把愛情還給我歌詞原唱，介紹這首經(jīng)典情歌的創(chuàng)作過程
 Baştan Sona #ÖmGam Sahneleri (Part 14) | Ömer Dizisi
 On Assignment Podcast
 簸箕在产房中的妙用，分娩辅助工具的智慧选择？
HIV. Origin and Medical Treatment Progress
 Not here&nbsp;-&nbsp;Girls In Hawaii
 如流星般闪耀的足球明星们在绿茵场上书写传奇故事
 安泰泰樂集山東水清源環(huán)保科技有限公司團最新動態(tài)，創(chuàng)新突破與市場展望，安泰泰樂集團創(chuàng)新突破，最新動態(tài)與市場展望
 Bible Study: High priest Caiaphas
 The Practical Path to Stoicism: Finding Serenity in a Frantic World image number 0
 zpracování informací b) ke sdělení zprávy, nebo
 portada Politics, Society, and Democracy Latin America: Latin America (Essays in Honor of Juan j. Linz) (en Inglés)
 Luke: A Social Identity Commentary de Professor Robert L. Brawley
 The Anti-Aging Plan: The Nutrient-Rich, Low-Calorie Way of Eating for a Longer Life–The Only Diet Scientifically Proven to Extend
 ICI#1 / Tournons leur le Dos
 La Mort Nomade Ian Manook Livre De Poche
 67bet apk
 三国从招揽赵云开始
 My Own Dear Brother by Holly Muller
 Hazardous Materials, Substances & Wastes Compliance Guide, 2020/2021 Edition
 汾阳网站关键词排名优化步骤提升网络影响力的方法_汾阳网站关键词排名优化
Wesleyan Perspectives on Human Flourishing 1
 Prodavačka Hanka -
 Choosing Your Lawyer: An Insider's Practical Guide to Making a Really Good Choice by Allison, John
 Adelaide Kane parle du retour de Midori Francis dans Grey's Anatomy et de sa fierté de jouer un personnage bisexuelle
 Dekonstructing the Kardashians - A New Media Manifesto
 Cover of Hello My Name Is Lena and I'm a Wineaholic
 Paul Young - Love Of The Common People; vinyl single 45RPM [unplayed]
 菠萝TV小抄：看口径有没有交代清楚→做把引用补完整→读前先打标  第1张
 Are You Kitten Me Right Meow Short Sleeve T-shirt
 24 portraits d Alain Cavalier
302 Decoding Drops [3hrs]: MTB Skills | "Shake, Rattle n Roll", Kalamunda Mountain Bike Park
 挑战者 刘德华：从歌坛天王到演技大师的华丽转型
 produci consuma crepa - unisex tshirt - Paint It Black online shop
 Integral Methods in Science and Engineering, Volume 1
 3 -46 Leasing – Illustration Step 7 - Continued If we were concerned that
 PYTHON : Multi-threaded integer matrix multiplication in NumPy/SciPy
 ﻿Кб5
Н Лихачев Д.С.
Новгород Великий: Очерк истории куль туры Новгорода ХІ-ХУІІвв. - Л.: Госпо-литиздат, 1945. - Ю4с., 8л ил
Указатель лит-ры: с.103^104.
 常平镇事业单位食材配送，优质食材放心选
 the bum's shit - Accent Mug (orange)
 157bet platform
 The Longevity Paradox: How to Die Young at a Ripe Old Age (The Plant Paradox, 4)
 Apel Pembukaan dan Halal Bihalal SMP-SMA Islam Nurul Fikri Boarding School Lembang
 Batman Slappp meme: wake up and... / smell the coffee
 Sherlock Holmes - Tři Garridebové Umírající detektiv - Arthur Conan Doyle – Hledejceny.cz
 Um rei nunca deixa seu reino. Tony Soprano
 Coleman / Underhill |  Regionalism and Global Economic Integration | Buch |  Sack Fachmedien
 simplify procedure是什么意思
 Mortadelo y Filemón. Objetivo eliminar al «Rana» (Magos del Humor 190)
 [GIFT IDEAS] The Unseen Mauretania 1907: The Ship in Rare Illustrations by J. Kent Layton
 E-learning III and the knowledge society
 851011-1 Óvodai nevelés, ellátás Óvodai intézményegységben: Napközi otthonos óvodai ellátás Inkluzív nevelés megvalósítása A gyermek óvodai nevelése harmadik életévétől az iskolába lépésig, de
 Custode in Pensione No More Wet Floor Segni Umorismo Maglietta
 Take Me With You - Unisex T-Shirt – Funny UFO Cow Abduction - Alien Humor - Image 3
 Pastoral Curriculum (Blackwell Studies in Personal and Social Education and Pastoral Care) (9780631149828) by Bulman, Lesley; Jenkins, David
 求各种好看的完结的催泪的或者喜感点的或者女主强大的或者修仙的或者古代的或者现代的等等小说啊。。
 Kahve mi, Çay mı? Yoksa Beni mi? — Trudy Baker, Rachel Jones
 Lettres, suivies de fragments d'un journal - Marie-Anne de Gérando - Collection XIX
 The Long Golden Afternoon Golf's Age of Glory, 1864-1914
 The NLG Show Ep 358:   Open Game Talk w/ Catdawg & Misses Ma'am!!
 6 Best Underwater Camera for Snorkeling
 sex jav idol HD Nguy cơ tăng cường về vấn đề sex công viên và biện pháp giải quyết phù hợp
---
### Task item
Everything above from the line with "Integral Methods in" to the line with "E-learning III and the knowledge society", both included, must be repeated exactly, and nothing outside that range.

### Exercise solution
 Integral Methods in Science and Engineering, Volume 1
 3 -46 Leasing – Illustration Step 7 - Continued If we were concerned that
 PYTHON : Multi-threaded integer matrix multiplication in NumPy/SciPy
 ﻿Кб5
Н Лихачев Д.С.
Новгород Великий: Очерк истории куль туры Новгорода ХІ-ХУІІвв. - Л.: Госпо-литиздат, 1945. - Ю4с., 8л ил
Указатель лит-ры: с.103^104.
 常平镇事业单位食材配送，优质食材放心选
 the bum's shit - Accent Mug (orange)
 157bet platform
 The Longevity Paradox: How to Die Young at a Ripe Old Age (The Plant Paradox, 4)
 Apel Pembukaan dan Halal Bihalal SMP-SMA Islam Nurul Fikri Boarding School Lembang
 Batman Slappp meme: wake up and... / smell the coffee
 Sherlock Holmes - Tři Garridebové Umírající detektiv - Arthur Conan Doyle – Hledejceny.cz
 Um rei nunca deixa seu reino. Tony Soprano
 Coleman / Underhill |  Regionalism and Global Economic Integration | Buch |  Sack Fachmedien
 simplify procedure是什么意思
 Mortadelo y Filemón. Objetivo eliminar al «Rana» (Magos del Humor 190)
 [GIFT IDEAS] The Unseen Mauretania 1907: The Ship in Rare Illustrations by J. Kent Layton
 E-learning III and the knowledge society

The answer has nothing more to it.